Here’s the cabinet that I use for toy storage – it has two internal shelves and two drawers.
We keep the games and puzzles on the shelves inside – the games to the right are smaller boxes and there’s another pile behind each of those.
This drawer is for Yirmiyahu’s toys.
The bottom drawer is where I now keep the printer and laminator, which were taking up prime space by being kept out all the time. I tend to use them heavily all at once and then not at all for long periods of time, so it makes more sense to take them out when I need them than to leave them out all the time.
By putting the printer and laminator in a drawer, it makes space on top for things that I want to keep visible and easy to access – learning manipulatives and several more toys.

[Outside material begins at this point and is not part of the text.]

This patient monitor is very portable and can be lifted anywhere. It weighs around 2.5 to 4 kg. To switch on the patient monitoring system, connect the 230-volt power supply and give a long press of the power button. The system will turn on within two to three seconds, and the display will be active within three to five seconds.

For those who are wondering what kind of manipulatives are included, here you go!
Left to right – pattern blocks (2 boxes), base ten blocks, cuisenaire rods, assortment of mostly card games, flash cards, tangrams (2 boxes); bottom left – geoboard, 100 number tiles, word cards with plastic letters, dominoes, teddy bear counters.
We have several boxes of toys that we keep in the closet opposite this cabinet. (Bottom, l – r – Lincoln Logs, Legos; top l – r – Morphun blocks, toy animals; tall box is a ball and stick construction activity).

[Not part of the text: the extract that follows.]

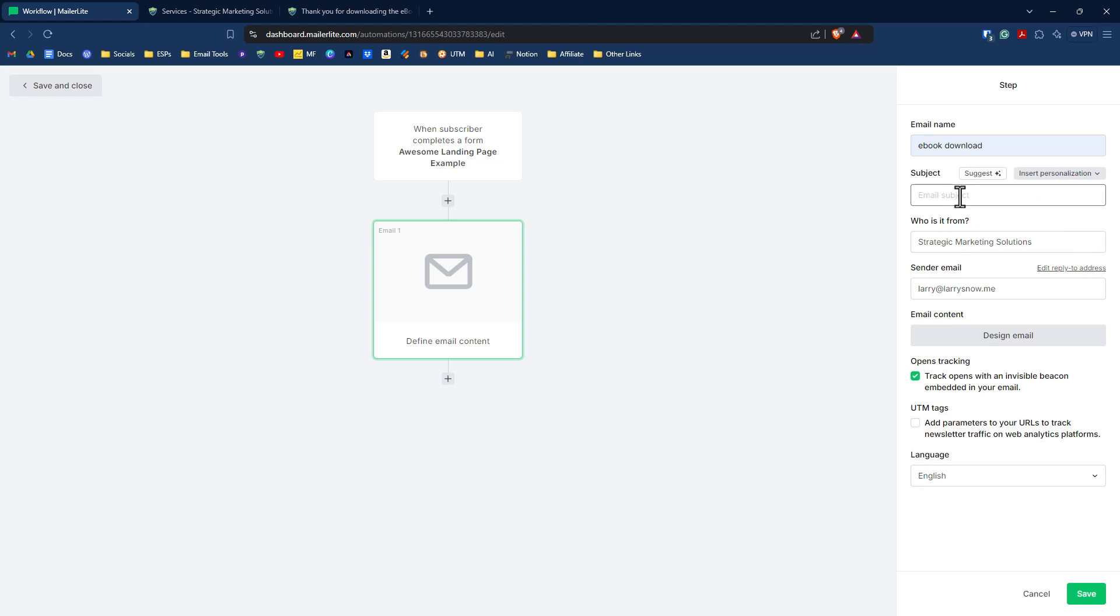And the subject line is welcome. Here's the fab ebook you requested. Who's it from? We've got that all set. We're going to track opens with an invisible beacon. We can add in UTM tags if we wanted to. For now though, just click on design email.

Below you can see the wagon of building blocks for young children, next to it a huge box of building blocks for somewhat bigger children (and next to that a couple of toys the kids found being given away).

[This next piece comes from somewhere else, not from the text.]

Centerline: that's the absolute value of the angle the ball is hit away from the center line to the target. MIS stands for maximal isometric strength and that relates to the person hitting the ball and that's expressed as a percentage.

Our boys love building toys – it’s what they use 80 percent of the time – and this is where I invest most of my storage space and money.
Last year someone gave us a starter set of Duplo blocks, Lincoln Logs and Mega Bloks, and this is what my boys would play with every single morning. The only problem was that there are three of them and there just wasn’t enough for them to play together so there was usually some kind of conflict. When I cleaned out all the toys that weren’t getting much use, I determined that if I had an opportunity, I would add on to these toys that already got so much use rather than get more kinds of toys.
Now, eight months after that decision, I’m amazed at how the opportunities to add to the toys that mattered most to them have all somehow come around!
A friend was clearing out her toys, and I bought a mega blocks wagon and blocks from her. That doubled our collection of these building blocks for young children.
Then, someone else was downsizing her toy collection and was selling Lincoln Logs, so naturally I bought that! And that doubled our Lincoln Log collection.
The other two toys I wanted to get more of were Duplo block and Legos – Duplo because we didn’t have that much, Lego because they were ready for the challenge of more detailed building but we had only a sprinkling that my kids found being given away. But both of these were really expensive and here in Israel, the price is double buying them in the US. Not happening.
In the winter my mom traveled to the US and asked what the kids would like. I told her if she wanted to get them Lego, they’d love it! She was able to find some great smaller sets on clearance at Walmart.; my in-laws also got them a mid sized set.
I also ordered a Duplo compatible block made in Canada that was half the price (Unico), and my mom brought back a box of them. I was so happy with these that I wanted to get more, but they’re bulky and it’s not the kind of thing you can ask anyone but your mother to bring for you. :)
Then this spring a blog reader told me she was coming and would be able to bring things for us. I ordered two more boxes of Unico blocks (thank you, SH!) and this was the best money spent ever. They play with this all of the time, and there’s plenty for them to all play together even when friends come over.
Organizing things in this way has helped us maximize our space and keep clutter at bay. I hope you find some of these ideas helpful in your home!